Kondisi transportasi angkutan umum saatnya dibenahi, semua warga Ibu Kota setuju. Warga Ibu Kota, terutama para pengguna angkutan umum sudah terlalu lama mendambakan sebuah sistem pelayanan angkutan umum yang baik dengan jadwal yang tepat waktu.

Tentu saja, masyarakat semua menyambut setiap niat baik Pemprov DKI Jakarta meningkatkan pelayanan angkutan umum atau membenahi perlalulintasan Ibu Kota yang sudah demikian amburadul. Apalagi sejauh ini, rencana-rencana Pemprov DKI-gubernur berganti gubernur-untuk meningkatkan angkutan umum, membangun subway, mass rapid transit (MRT), hingga triple decker cuma sebatas janji yang tak pernah terwujud. Sejumlah studi atau kajian mengenai itu juga sudah dilaksanakan yang tentu saja mengeluarkan waktu dan uang yang tidak sedikit. "Warga kota mendambakan pelayanan angkutan umum yang baik tidak seperti sekarang, warga pengguna angkutan umum seperti saya, sepertinya diabaikan," kata Tulus Abadi, pengurus Yayasan Lembaga Konsumen Indonesia (YLKI).

Warga tentu berharap jika sistem busway cuma sekadar mengejar proyek, menghabiskan anggaran, para pejabat Pemprov DKI sebaiknya berpikir ulang. Bahkan, mereka mestinya malu karena janji-janji peningkatan angkutan umum tidak pernah terwujud secara tuntas. Saatnya mereka memikirkan sistem perlalulintasan yang terpadu atau terintegrasi yang benar-benar bermaksud memecahkan kesemrawutan lalu lintas dan pelayanan angkutan umum Ibu Kota.

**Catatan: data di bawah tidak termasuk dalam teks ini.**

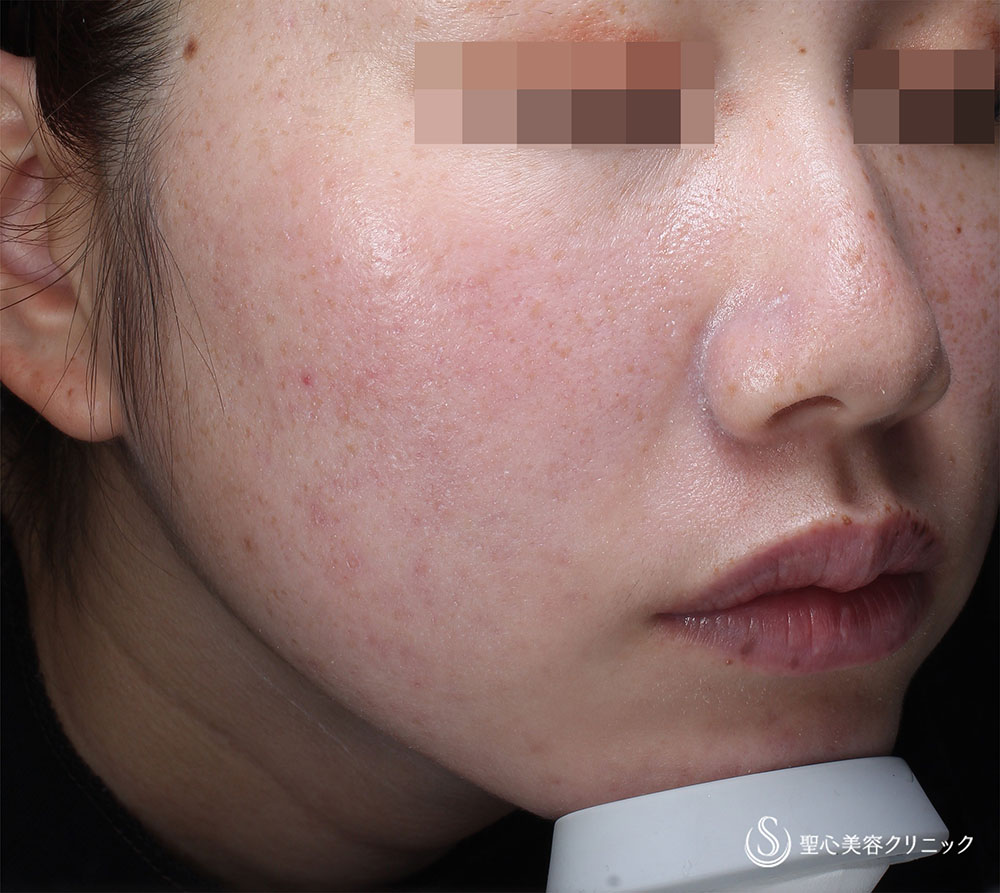 【20代女性・そばかす】PICOレーザー（術後3カ月） After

Sebenarnya jika melihat kondisi perlalulintasan, termasuk angkutan umum di DKI Jakarta tidak ada hal baru. Bahkan, data-data yang disampaikan oleh Rini di depan peserta seminar internasional Human Mobility di Bogota, Kolombia awal Februari merupakan data-data lama yang belum diperbarui (update). Kondisi saat ini tentu saja lebih parah. Apalagi belum ada terobosan-terobosan baru, kecuali sejumlah studi dan rencana proyek, untuk memecahkan persoalan transportasi dan angkutan umum di Jakarta.

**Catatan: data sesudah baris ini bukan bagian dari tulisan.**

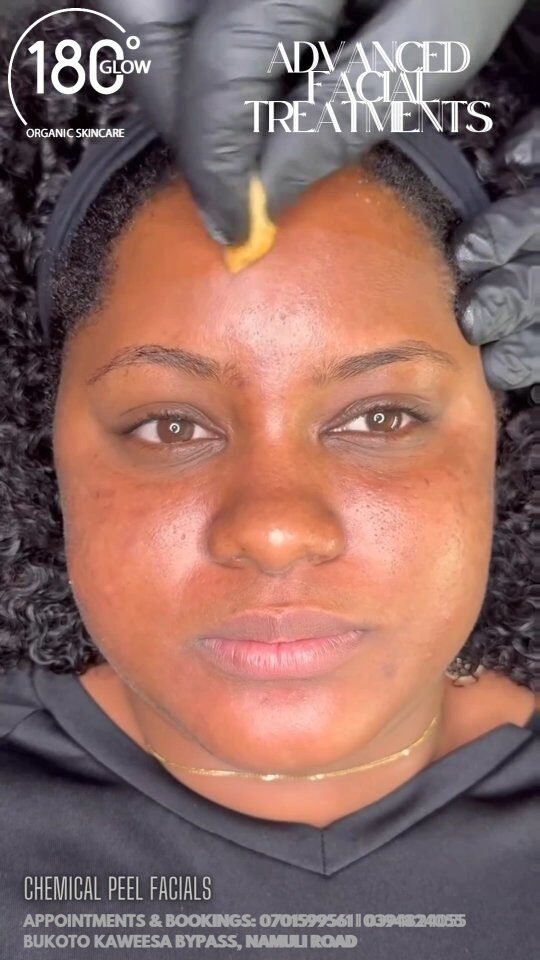 Instagram post from 180degrees.glow.skin. This post is in position 10.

Jumlah penumpang 10 juta orang per hari, termasuk 25 persen di antaranya penumpang dari Bogor, Depok, Tangerang dan Bekasi. Sebanyak 50,7 persen di antaranya menggunakan angkutan umum dan sisanya angkutan pribadi.

Saat ini jumlah kendaraan di Jakarta dan sekitarnya diperkirakan mencapai 4,5 juta unit dengan jumlah angkutan umum hanya 1,3 persennya saja. Selebihnya, kendaraan pribadi 1,6 juta unit (35,3 persen) dan sepeda motor 2,4 juta unit (54,1 persen) dan sisanya kendaraan barang (9,2 persen). Pertumbuhan jumlah kendaraan mencapai 6 persen (1997-2001) atau hampir enam kali lipat dibandingkan pertumbuhan jalan yang kurang dari 1 persen, yang saat ini panjangnya mencapai 6,630 km. Bahkan menurut Rini, pertumbuhan angkutan pribadi mencapai 10 persen per tahun, jauh lebih besar dibandingkan angkutan umum yang merayap 2 persen saja.

"Pemprov DKI Jakarta tidak bisa memecahkan persoalan lalu lintas sendirian. Dia harus melibatkan daerah-daerah di sekitarnya. Tidak bisa sepotong-sepotong, harus terintegrasi, " kata Bambang Susantono, Sekretaris Jenderal SUSTRAN (Sustainable Transport Action Network for Asia and the Pasific). Dia menyatakan pesimismenya, Pemprov DKI Jakarta bisa menyelesaikan persoalan transportasi maupun pelayanan angkutan umum jika mereka hanya memikirkan penyelesaian sepotong-sepotong.

Bahkan, Bambang dan Jack menilai moda angkutan umum di Jakarta-termasuk jaringan KRL/KRD Jabotabek-sebenarnya cukup memadai dan tinggal dioptimalkan. Masalahnya setiap instansi, berjalan sendiri-sendiri tidak dalam sistem angkutan umum yang terintegrasi dan menyeluruh. Akibatnya, potensi kereta api, bus kota, mikrolet seperti terpecah-pecah mengatasi persoalan angkutan umum di Jakarta dan sekitarnya. Sinisme yang kemudian muncul adalah, kesemrawutan yang saat ini terjadi memang sengaja dibiarkan karena memang menguntungan bagi sejumlah oknum tertentu.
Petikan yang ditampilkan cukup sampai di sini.